La obligación al pago de las reparaciones de guerra impidió a Alemania consolidar su economía. Paros, disturbios, inestabilidad política, fueron el caldo de cultivo en el que la desengañada población germana giró su vista hacia los que le proponían soluciones radicales para poner así fin a ese estado de postración permanente.
Las consecuencias de esa miopía política de las potencias vencedoras se verían más tarde. Después de un esperpéntico intento de hacerse con el poder por la fuerza en 1923, mediante un fallido golpe de Estado surgido en una cervecería de Munich, Hitler se aupó al poder, forzando al límite las reglas de la democracia, diez años más tarde. Gracias a un innovador y efectivo uso de la propaganda, sumado al clima de coacción creado por sus seguidores más fanáticos, que no dudaban en recurrir a la intimidación y la agresión física, obtuvo unos resultados electorales que le permitieron exigir la cancillería al anciano presidente Hindenburg.
En cuanto fue nombrado canciller, el 30 de enero de 1933, Hitler puso en marcha su plan para crear un Estado totalitario. De nada sirvieron las advertencias del general Erich Ludendorff, que conocía muy bien a Hitler. En una carta dirigida a Hindenburg, el veterano militar le hacía responsable de lo que sucediese en el futuro a Alemania, asegurando que “Hitler, ese nombre nefasto, conduciría a nuestro país al abismo y a nuestra nación a un desastre inimaginable”. Nuevamente, nadie hizo nada para evitar la catástrofe que se adivinaba en el horizonte. Un incendio intencionado –aunque probablemente causado por los propios nazis- del Reichtag fue utilizado como oportuna excusa para ilegalizar al Partido Comunista y arrebatarle sus escaños.
Además, se inauguró el campo de concentración de Dacha para internar a todos los que se mostrasen críticos con el nuevo régimen de terror que se había impuesto en Alemania.
Si Francia y Gran Bretaña eran en último término responsables por inacción del ascenso de Hitler –ya convertido en Führer-, el pueblo germano también lo era en no menor medida; la mayoría de los alemanes asistió con indiferencia a la persecución a la que de inmediato fueron sometidos todos los ciudadanos de origen judío; médicos, profesores o funcionarios que hasta ese momento habían ejercido su profesión con normalidad, se encontraban de repente con la imposibilidad de seguir trabajando. Lo mismo les ocurría a os comerciantes hebreos, obligados a cerrar sus tiendas, ante la mirada esquiva del resto de los alemanes, que no reaccionaron ante los abusos del régimen nazi, pensando que la locura a la que asistían no les acabaría afectando a ellos.
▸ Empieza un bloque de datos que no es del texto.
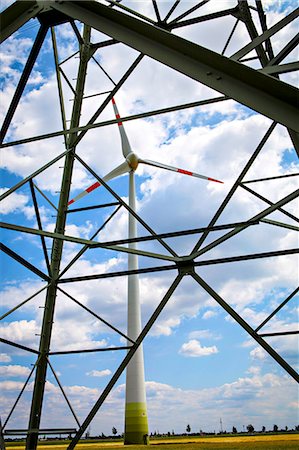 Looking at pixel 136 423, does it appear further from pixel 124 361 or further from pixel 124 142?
pixel 124 142

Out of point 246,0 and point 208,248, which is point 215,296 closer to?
point 208,248

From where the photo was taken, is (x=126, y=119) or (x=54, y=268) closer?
(x=126, y=119)

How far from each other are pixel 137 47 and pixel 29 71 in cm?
411

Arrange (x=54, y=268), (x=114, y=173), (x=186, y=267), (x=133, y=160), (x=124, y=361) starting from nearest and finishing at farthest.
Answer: (x=186, y=267), (x=124, y=361), (x=54, y=268), (x=114, y=173), (x=133, y=160)

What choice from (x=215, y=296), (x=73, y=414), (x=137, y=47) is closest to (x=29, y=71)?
(x=137, y=47)

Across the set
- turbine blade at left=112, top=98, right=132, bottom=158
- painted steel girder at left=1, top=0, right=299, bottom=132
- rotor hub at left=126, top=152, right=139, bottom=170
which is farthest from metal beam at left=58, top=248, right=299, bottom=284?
turbine blade at left=112, top=98, right=132, bottom=158

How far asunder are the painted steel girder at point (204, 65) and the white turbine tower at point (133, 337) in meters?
21.1

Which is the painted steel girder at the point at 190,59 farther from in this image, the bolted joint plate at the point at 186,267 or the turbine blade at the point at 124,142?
the turbine blade at the point at 124,142

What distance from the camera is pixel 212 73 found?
685 cm

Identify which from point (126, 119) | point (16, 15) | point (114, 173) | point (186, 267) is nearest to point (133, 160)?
point (114, 173)

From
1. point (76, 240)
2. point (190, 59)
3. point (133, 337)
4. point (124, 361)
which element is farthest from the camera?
point (133, 337)

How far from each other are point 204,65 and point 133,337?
2769 cm

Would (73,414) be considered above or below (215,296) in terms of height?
below

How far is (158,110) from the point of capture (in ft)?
38.4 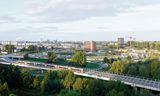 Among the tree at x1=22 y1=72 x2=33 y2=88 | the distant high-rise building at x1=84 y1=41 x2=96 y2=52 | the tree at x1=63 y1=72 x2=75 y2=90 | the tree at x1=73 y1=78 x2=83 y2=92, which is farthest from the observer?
the distant high-rise building at x1=84 y1=41 x2=96 y2=52

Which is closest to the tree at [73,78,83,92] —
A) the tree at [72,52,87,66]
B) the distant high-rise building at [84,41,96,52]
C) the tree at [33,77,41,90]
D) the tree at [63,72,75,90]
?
the tree at [63,72,75,90]

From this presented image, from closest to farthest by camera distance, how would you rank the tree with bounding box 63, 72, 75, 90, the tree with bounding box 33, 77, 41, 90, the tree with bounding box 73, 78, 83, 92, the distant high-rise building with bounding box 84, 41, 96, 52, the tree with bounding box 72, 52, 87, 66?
the tree with bounding box 73, 78, 83, 92
the tree with bounding box 63, 72, 75, 90
the tree with bounding box 33, 77, 41, 90
the tree with bounding box 72, 52, 87, 66
the distant high-rise building with bounding box 84, 41, 96, 52

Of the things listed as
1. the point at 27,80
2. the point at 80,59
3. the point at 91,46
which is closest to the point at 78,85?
the point at 27,80

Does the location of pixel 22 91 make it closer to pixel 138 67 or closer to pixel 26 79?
pixel 26 79

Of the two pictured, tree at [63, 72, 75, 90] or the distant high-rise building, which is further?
the distant high-rise building

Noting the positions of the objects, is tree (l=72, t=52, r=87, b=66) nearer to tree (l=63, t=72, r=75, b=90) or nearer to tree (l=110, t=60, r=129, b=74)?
tree (l=110, t=60, r=129, b=74)

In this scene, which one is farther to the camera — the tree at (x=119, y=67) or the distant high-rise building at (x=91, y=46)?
the distant high-rise building at (x=91, y=46)

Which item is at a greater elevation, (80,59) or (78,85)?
(80,59)

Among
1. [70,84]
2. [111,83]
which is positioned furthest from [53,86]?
[111,83]

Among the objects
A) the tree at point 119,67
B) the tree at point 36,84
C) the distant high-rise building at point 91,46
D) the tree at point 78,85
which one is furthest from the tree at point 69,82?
the distant high-rise building at point 91,46

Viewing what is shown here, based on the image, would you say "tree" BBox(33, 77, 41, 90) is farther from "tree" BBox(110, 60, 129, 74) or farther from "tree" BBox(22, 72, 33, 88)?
"tree" BBox(110, 60, 129, 74)

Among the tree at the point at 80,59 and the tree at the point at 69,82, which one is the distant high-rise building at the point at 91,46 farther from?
the tree at the point at 69,82

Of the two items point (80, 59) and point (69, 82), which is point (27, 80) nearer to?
point (69, 82) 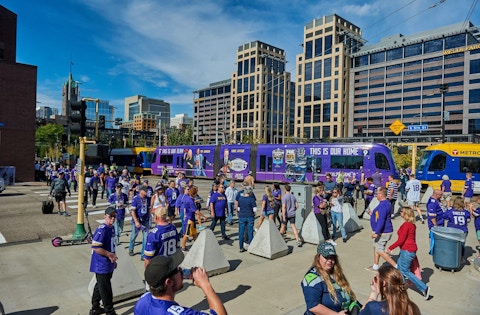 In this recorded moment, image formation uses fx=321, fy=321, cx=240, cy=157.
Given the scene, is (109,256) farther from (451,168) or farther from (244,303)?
(451,168)

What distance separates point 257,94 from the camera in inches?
4998

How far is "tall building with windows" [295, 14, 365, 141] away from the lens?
109 meters

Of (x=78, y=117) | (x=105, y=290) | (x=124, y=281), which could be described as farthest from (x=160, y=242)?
(x=78, y=117)

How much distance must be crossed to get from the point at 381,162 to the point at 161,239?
2091cm

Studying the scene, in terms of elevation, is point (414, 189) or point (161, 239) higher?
point (414, 189)

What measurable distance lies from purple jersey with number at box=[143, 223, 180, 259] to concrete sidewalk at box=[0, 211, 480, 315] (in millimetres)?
1219

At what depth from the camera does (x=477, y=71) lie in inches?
3457

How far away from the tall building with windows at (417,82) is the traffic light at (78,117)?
270 feet

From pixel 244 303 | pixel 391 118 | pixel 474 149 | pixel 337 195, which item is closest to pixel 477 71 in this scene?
pixel 391 118

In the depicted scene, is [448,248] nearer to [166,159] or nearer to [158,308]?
[158,308]

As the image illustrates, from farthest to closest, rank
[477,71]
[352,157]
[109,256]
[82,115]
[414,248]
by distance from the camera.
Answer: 1. [477,71]
2. [352,157]
3. [82,115]
4. [414,248]
5. [109,256]

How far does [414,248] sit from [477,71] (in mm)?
105293

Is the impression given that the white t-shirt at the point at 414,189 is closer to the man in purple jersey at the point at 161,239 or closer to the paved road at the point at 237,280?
the paved road at the point at 237,280

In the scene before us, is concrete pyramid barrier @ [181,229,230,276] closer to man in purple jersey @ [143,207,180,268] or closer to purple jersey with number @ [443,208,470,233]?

Estaban muy equivocados.
Las intenciones de Hitler quedaron claras ya en octubre de 1933, cuando Alemania se retiró de la Sociedad de las Naciones. Su primer desafío a la comunidad internacional fue instaurar el servicio militar obligatorio en marzo de 1935, violando el Tratado de Versalles, y admitiendo la existencia de la Luftwaffe. Ese mismo año se dictaron los decretos antisemitas de Nuremberg, por los que prácticamente se decretaba la muerte civil de los judíos, como primer paso hacia su eliminación física. Tras recuperar la región de Sarre mediante un plebiscito, Hitler convocó también un referéndum. Logrando un 99 por ciento de los votos. Pese a todos los indicios, ni Gran Bretaña ni Francia consideraban aún al Tercer Reich como una amenaza para la paz. Hitler inició un rearme generalizado, saltándose las limitaciones impuestas por el Tratado de Versalles, sin que las potencias occidentales intervinieran. Incluso, los británicos alcanzaron un acuerdo con la Alemania nazi por el que se le permitía iniciar la construcción de una flota de guerra, pero siempre y cuando se mantuviese el predominio de la Royal Navy.